AVAILABLE RECORDS
══════════

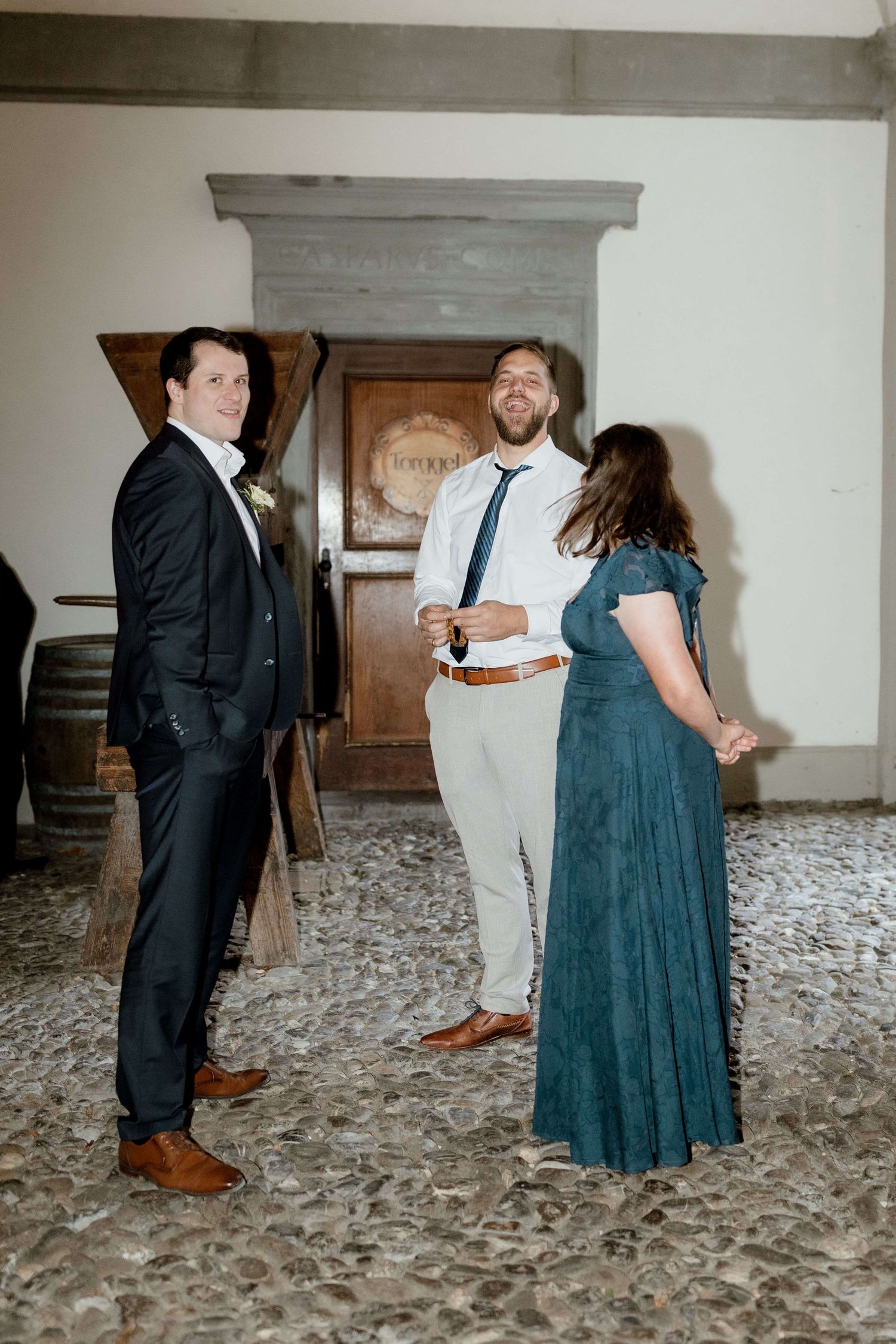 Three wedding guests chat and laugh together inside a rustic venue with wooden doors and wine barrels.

══════════

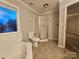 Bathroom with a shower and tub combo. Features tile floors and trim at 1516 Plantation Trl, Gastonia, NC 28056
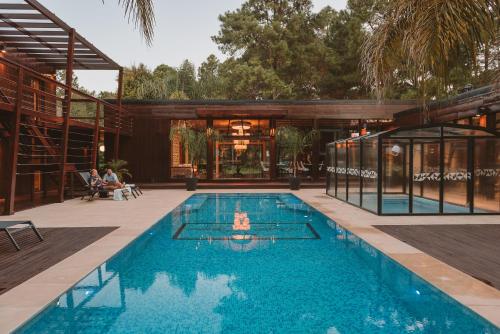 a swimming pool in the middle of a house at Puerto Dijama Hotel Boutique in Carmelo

══════════

For this exercise, return exactly the lines above from the line with "Bathroom with a" through the line with "a swimming pool", both included. Do not copy the pictures.

 Bathroom with a shower and tub combo. Features tile floors and trim at 1516 Plantation Trl, Gastonia, NC 28056
 a swimming pool in the middle of a house at Puerto Dijama Hotel Boutique in Carmelo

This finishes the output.